The river runs a shameful gauntlet, doomed to parade past what’s left of this once vibrant city of hard-working union men and women. It mirrors the surviving edifices of the wealthy, long decamped, and the more modest dwellings of the forgotten and forsaken. The river leaves town quietly, wanders north to vanish into an indifferent Shiawassee, before quietly drowning itself in Saginaw Bay.
NINE
After weeks of stacking water in dining rooms, hallways, basements, garages, bedrooms, and bathrooms; under stairwells, behind couches, next to stoves and refrigerators; on counter tops, coffee tables and landings; outside, on screen porches, I’m still surprised to hear the hectoring chirp of a smoke detector with a dead battery. Chirping, common as brimming ashtrays, threadbare carpet, pungent cooking odors, pit bulls, crime bars, blaring televisions, and children rendered mute by our sudden, inexplicable presence in their living room. The first few times I state the obvious, as if any reminder were needed.
“My son’s coming tomorrow.”
“I called the landlord yesterday.”
“Shit, I ain’t even notice it no more.”
I observed a few small rituals whenever I visited my mother in her final years. They required minimal effort, took less time than making toast, but satisfied a yearning in both of us for much more, desire subsumed for something considerably less, but much safer. Upon arrival, after a perfunctory embrace, before hauling in my bag, I would dutifully replace her furnace filter and put fresh batteries in the smoke alarms.
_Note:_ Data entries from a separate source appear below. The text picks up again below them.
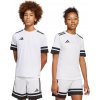 adidas teamwear detský futbalový dres adidas Squadra 25 biely JJ0057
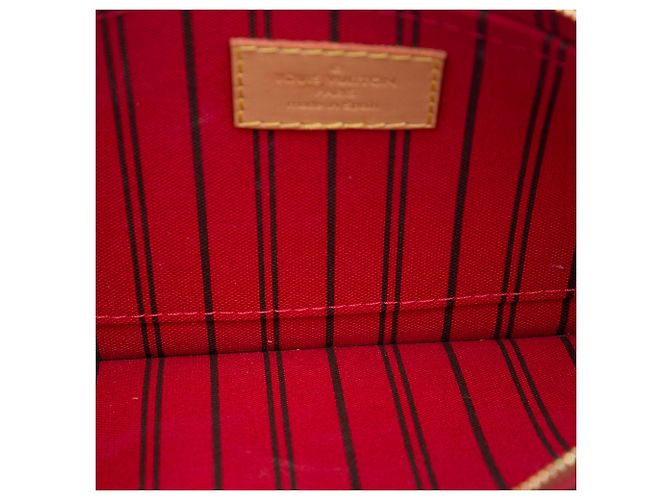 Louis Vuitton Brown Monogram Neverfull Pochette - Ansicht 4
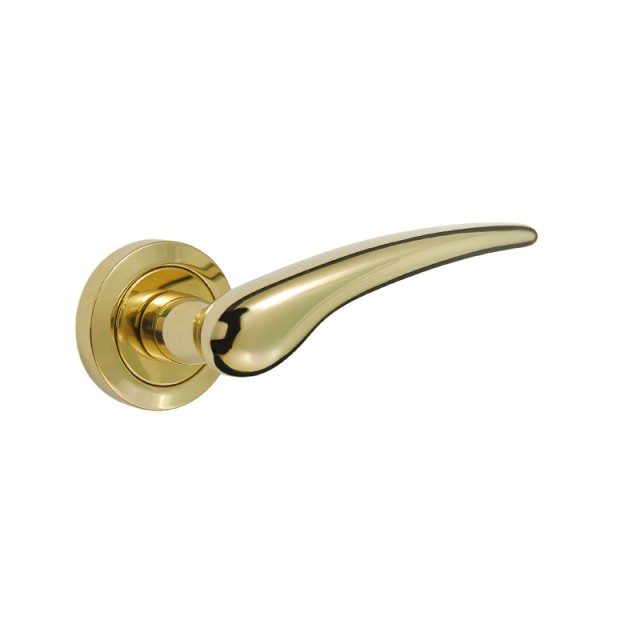 PIN UP GOLD - PVD ROSETTE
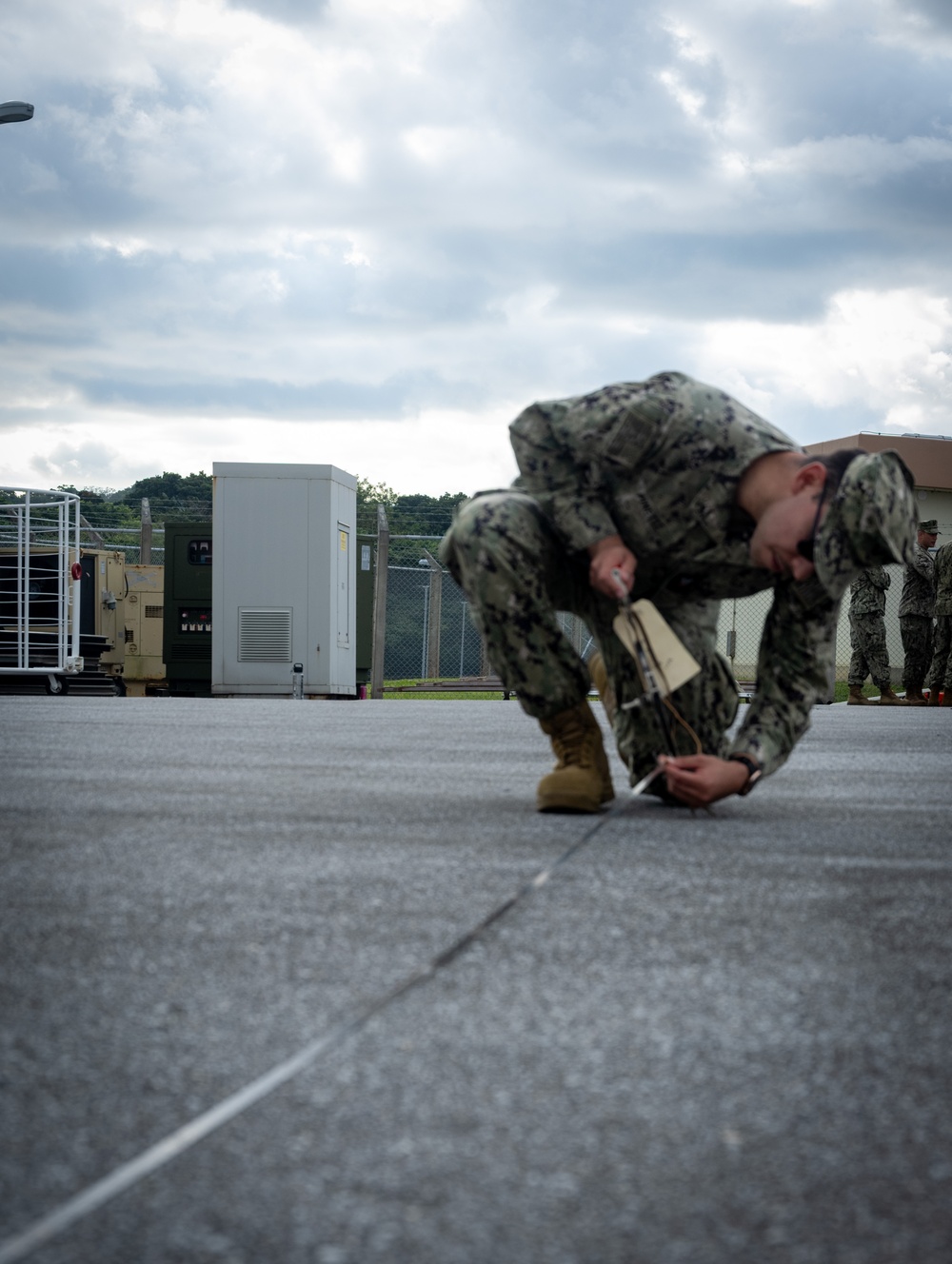 Seabees from NMCB-3 Ensure Precision for Upcoming Project in Okinawa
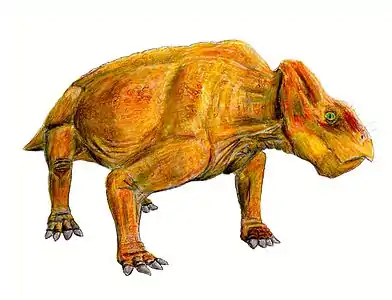 Life restoration of I. jenseni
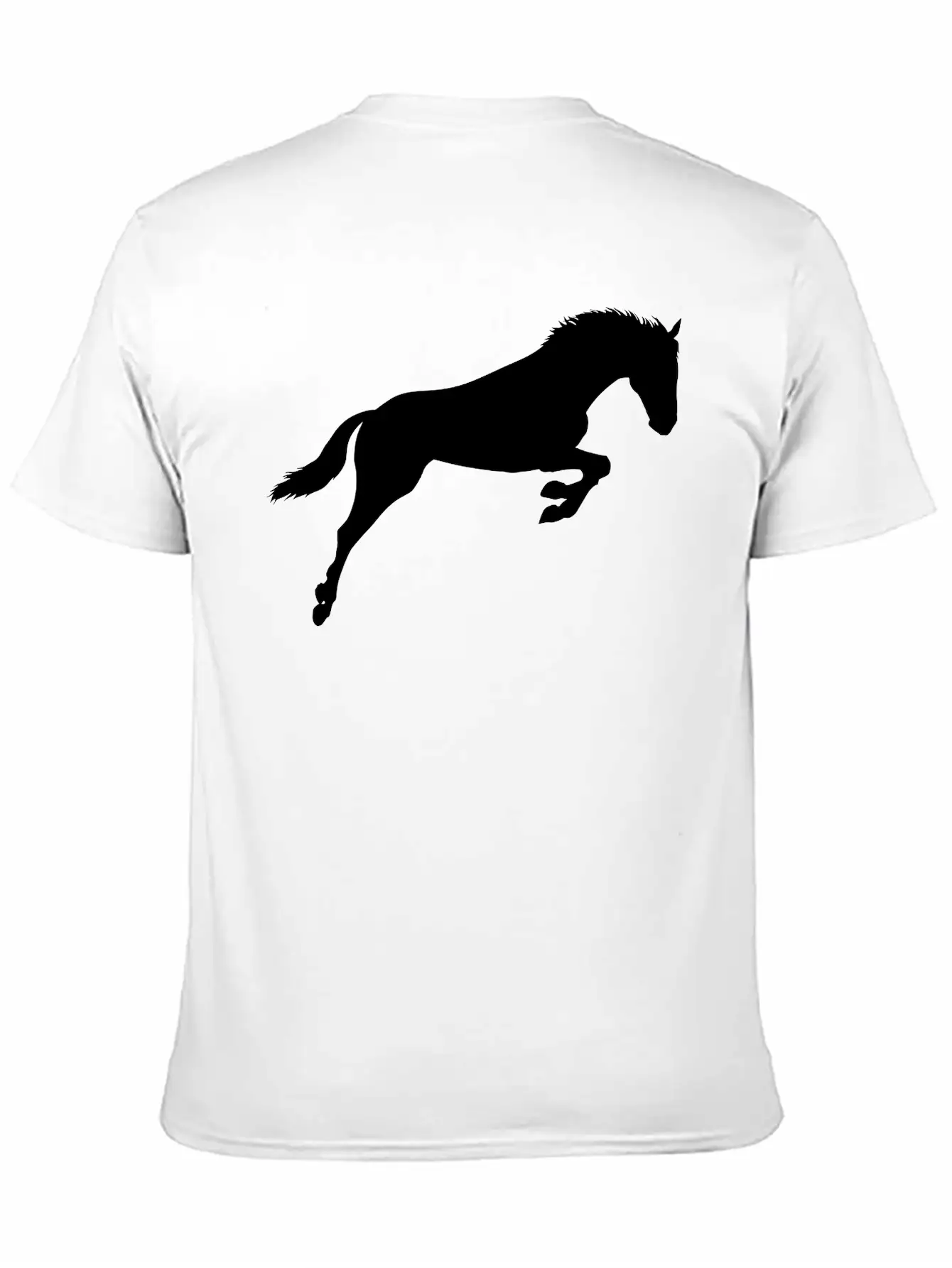 Horse Stylish Everyday T-Shirt – Unisex Basic Cotton Tee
The AmeriCorps kids who volunteer with the Red Cross had, up until the water crisis, busied themselves installing residential smoke detectors throughout Flint. Now, their talents have been repurposed to install faucet filters. I don’t know if replacing dead batteries remains part of their official duties. I learn to ignore the chirping, stepping around busted recliners, leaving a trail of bottled water down dim hallways, working quick, quick, back to the truck—on to the next stop.
TEN
It’s not much of a plan. Drive to Flint. Present myself to the proper authorities. Lose myself in mindless, cleansing labor. The little research I’ve done confirms that the American Red Cross is the official portal for organized volunteer efforts in Flint, aside from the ad hoc efforts of churches and local service organizations. In the earliest days of the crisis, a ragtag army of citizens, city workers, law enforcement, and Michigan National Guard mobilized to distribute water and filters. The American Red Cross Flint chapter isn’t too hard to find. It’s on the I-69 service drive near downtown, just south of the University of Michigan-Flint campus. The Brutalist, seventies-era building is just up the road from a General Motors assembly plant and Sitdowners Memorial Park, commemorating the famous Flint Sit Down Strike. In the months before Christmas, 1936, a nascent United Auto Workers union froze auto production in Flint, winning legitimacy and wage and working condition concessions from General Motors.